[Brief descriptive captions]
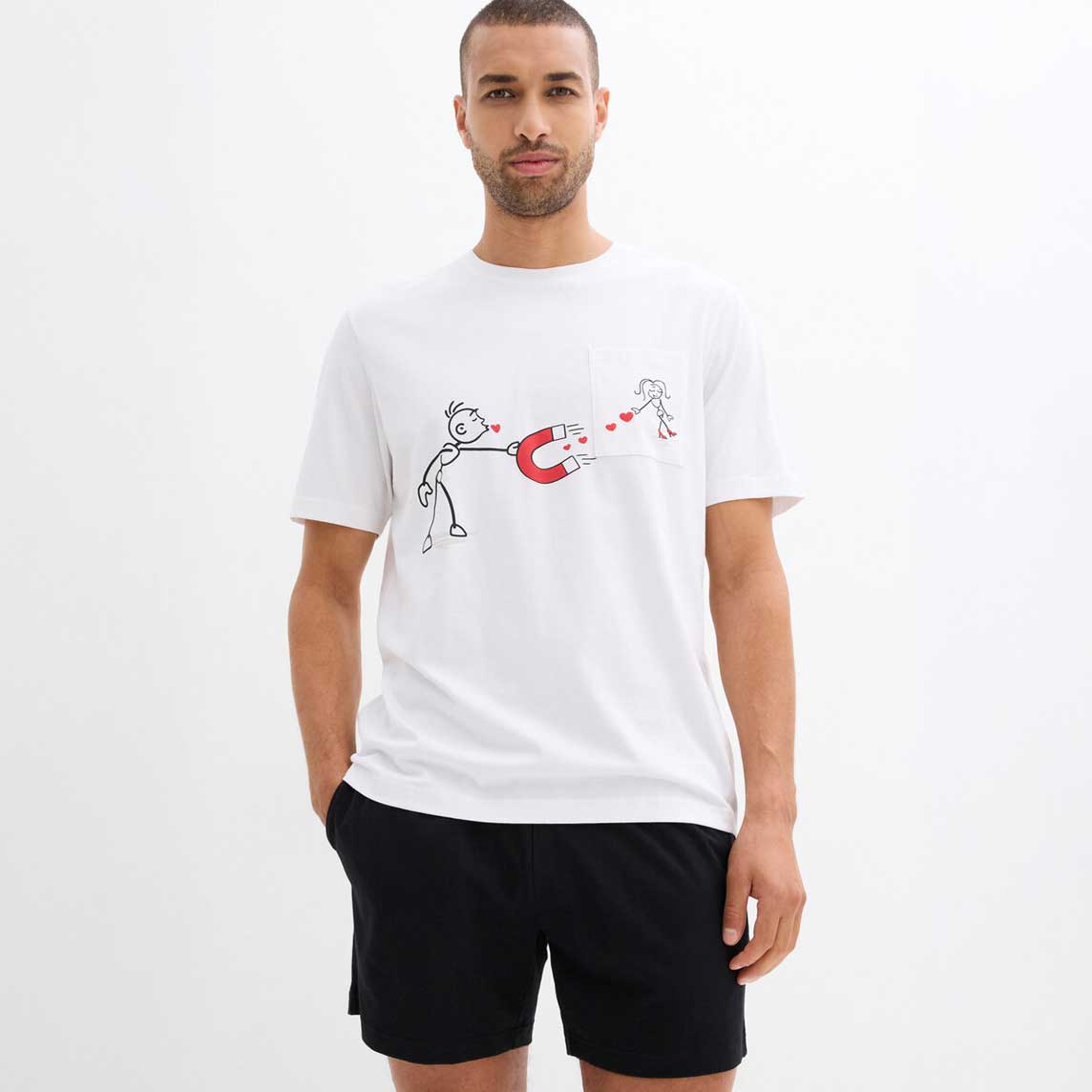 Shorty  mit weißem T-Shirt mit kreativem Aufdruck.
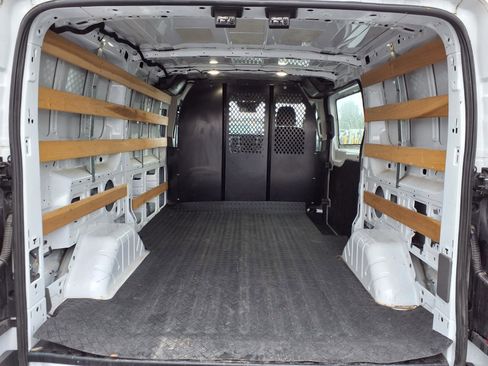 Used 2024 Ford Transit 250 Low Roof w/ Exterior Upgrade Package image 13
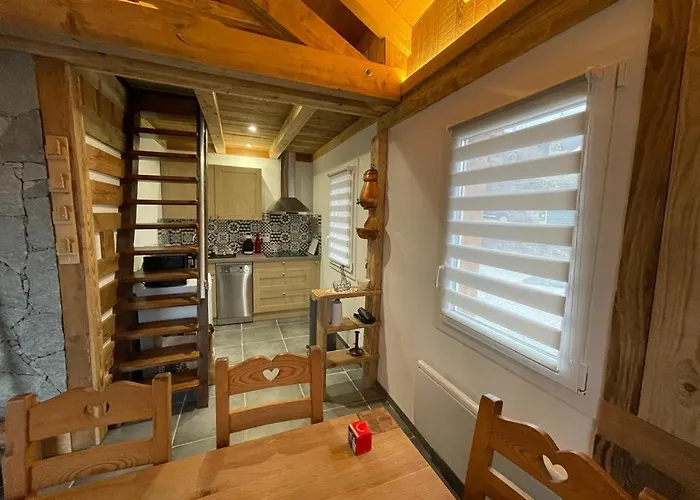 シャレー La De Dany *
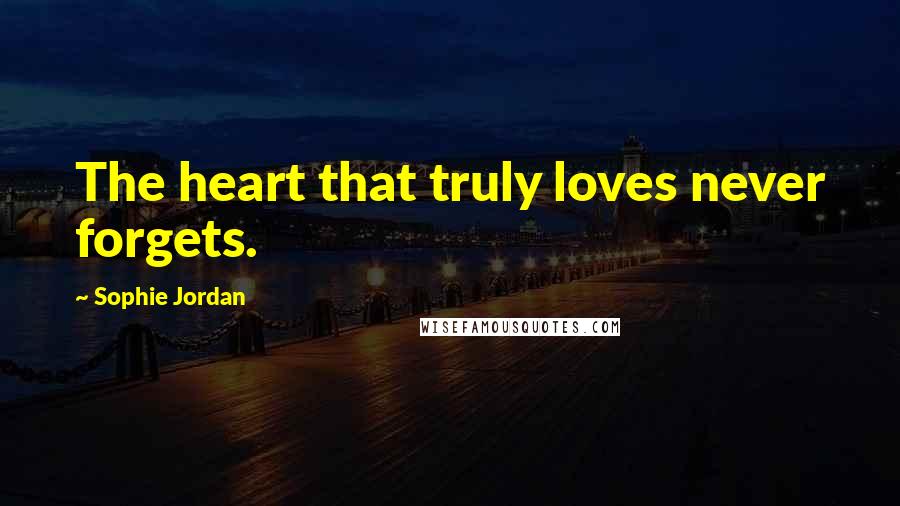 Sophie Jordan Quotes: The heart that truly loves never forgets.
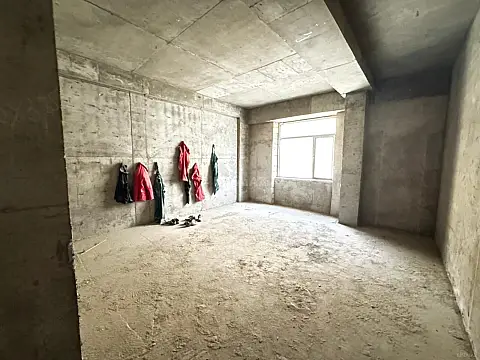 Satılır 4 otaqlı mənzil 161 m²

__HOW TO COMPLETE THIS TASK__.
Copy exactly the lines from the line that contains "シャレー La De Dany *" through the last line of the records above, both ends included, but leave out the pictures.

__ANSWER TO THIS PROBLEM__.
 シャレー La De Dany *
 Sophie Jordan Quotes: The heart that truly loves never forgets.
 Satılır 4 otaqlı mənzil 161 m²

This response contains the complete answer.